• Aim of the exercise: Leave out all pictures. Extract exactly the lines from the one containing "Autism Spectrum Exam 1 Questions and Answers" through the end of the data.

Web page caption snippets:
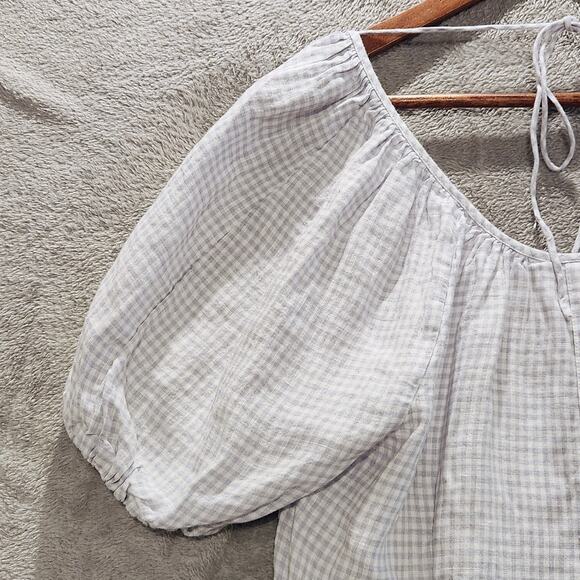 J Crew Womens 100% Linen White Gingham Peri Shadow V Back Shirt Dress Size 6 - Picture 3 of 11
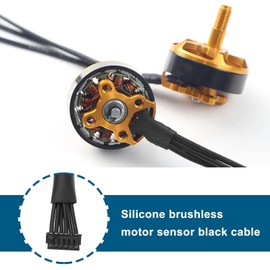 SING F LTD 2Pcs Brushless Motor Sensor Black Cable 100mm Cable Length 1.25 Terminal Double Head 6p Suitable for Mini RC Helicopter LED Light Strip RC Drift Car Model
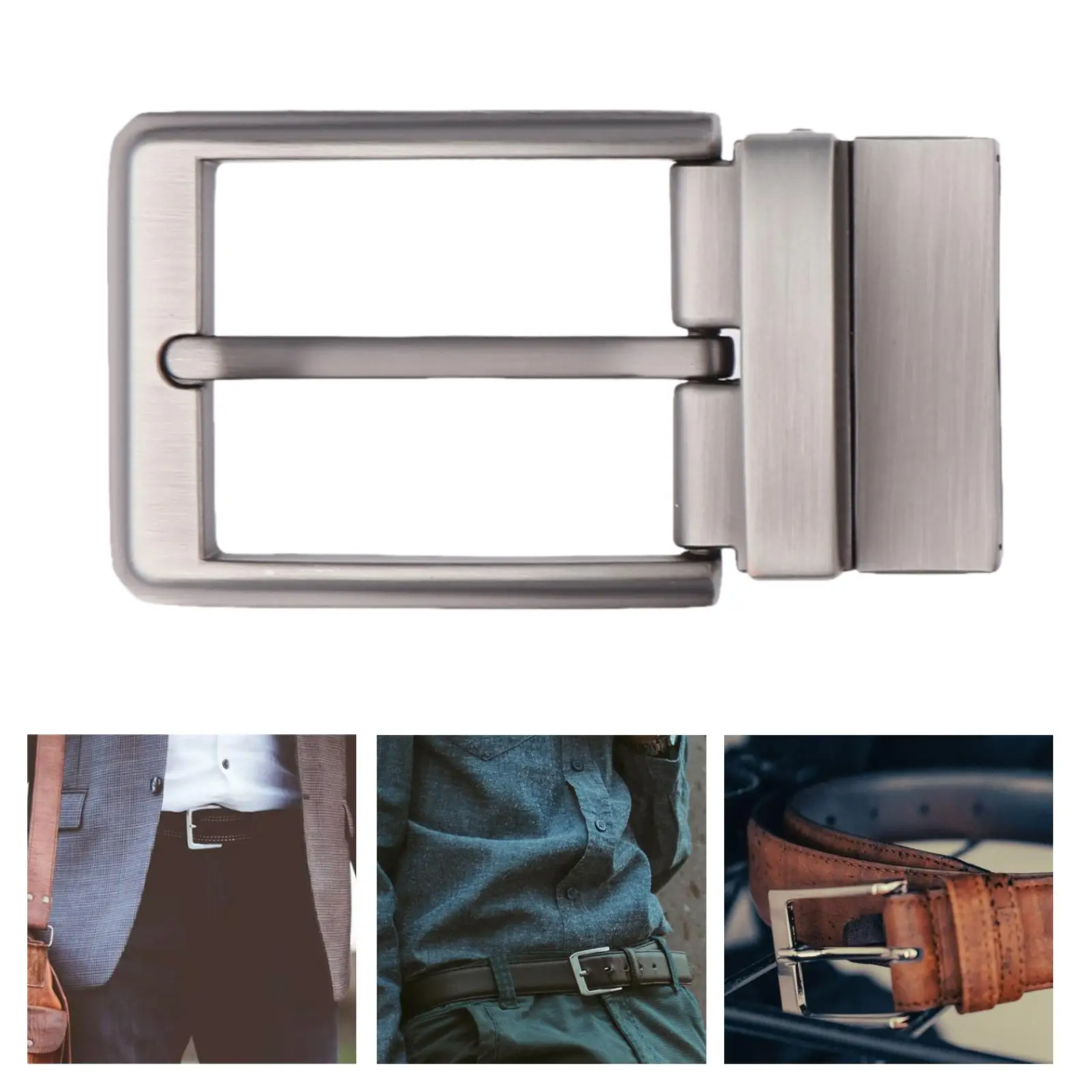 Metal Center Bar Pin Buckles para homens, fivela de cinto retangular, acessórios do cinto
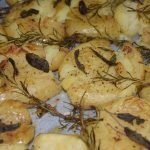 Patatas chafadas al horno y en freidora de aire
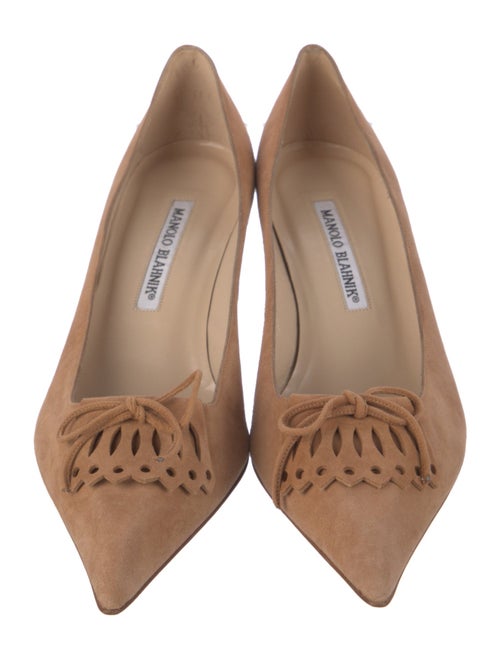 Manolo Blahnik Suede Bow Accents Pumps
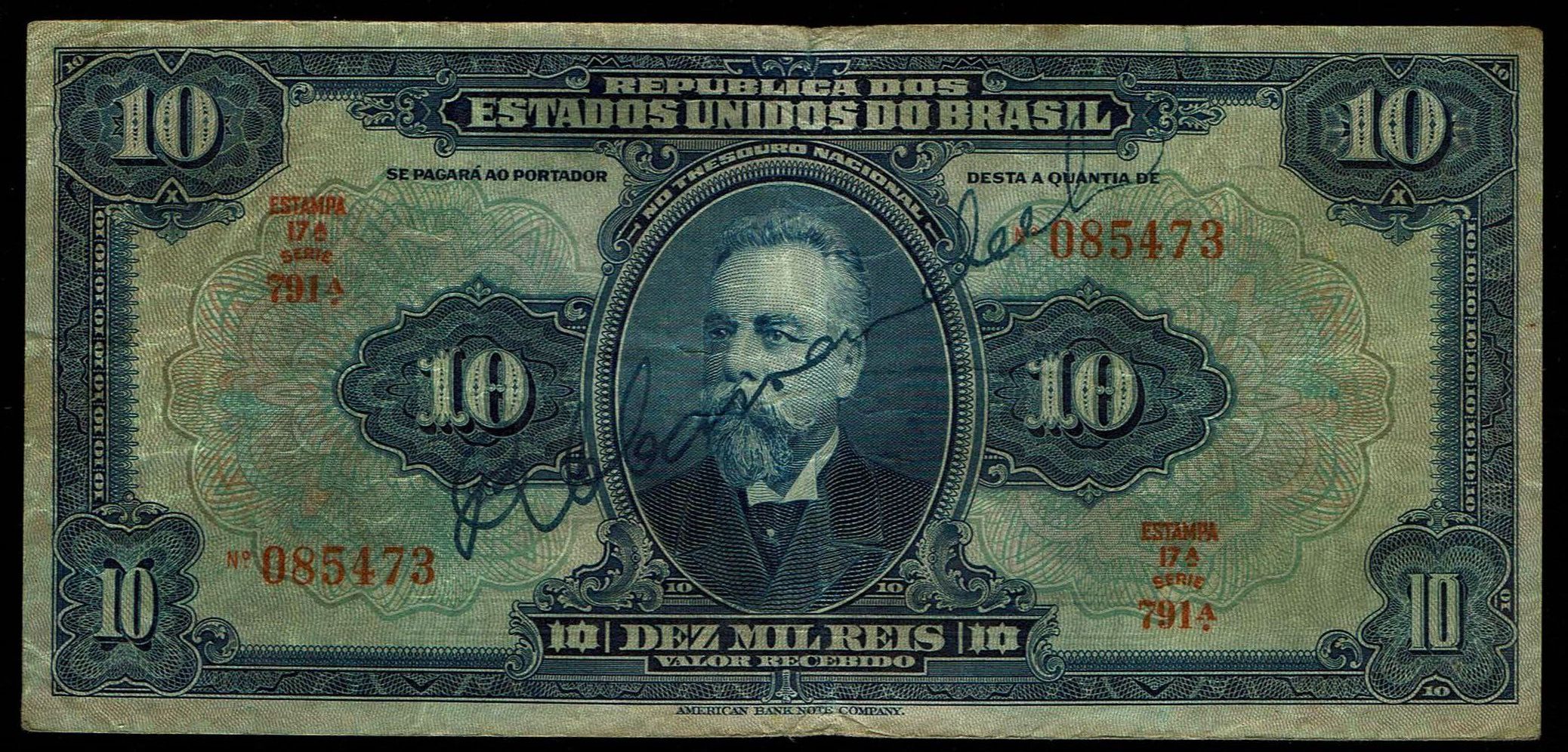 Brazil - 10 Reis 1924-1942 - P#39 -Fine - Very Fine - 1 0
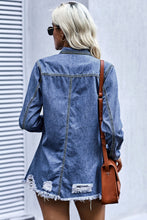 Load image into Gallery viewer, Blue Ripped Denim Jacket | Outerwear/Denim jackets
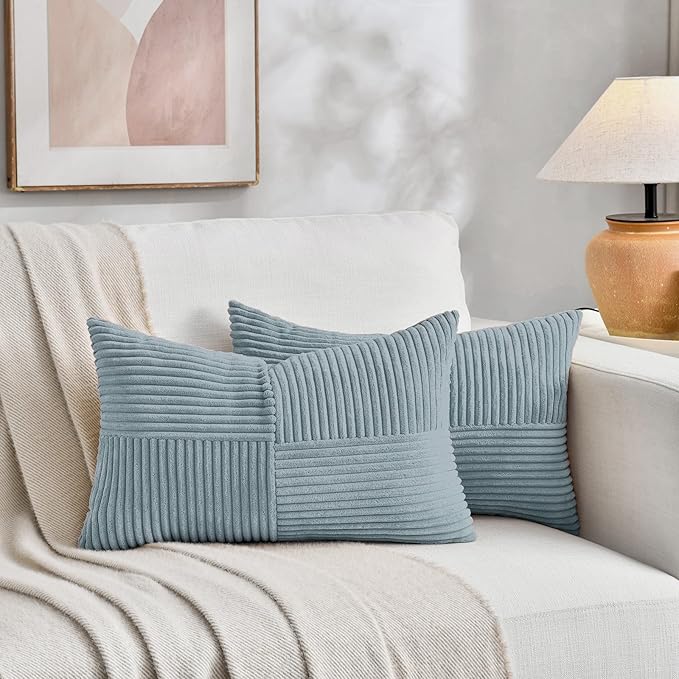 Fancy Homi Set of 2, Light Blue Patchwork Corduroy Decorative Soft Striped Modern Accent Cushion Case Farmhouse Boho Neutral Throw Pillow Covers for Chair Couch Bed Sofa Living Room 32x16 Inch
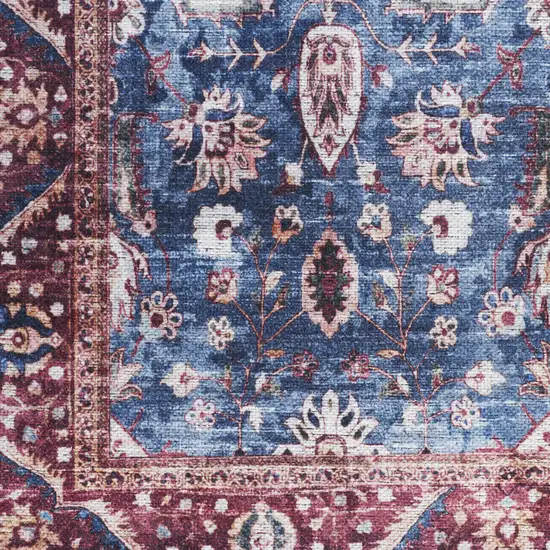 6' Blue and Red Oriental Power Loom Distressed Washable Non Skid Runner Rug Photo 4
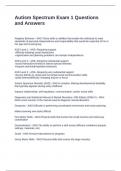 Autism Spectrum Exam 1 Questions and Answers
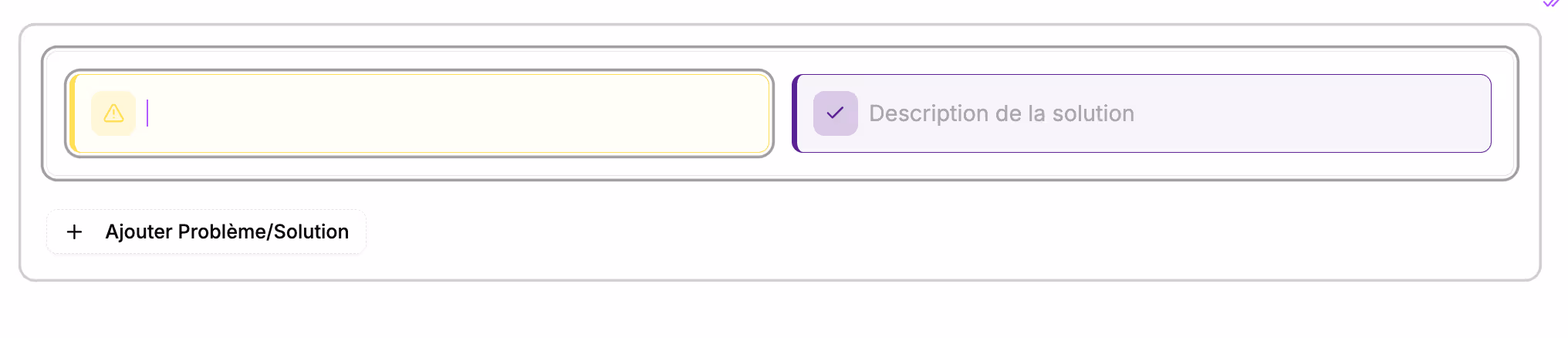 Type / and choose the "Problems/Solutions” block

• Answer box:
 Autism Spectrum Exam 1 Questions and Answers
 Type / and choose the "Problems/Solutions” block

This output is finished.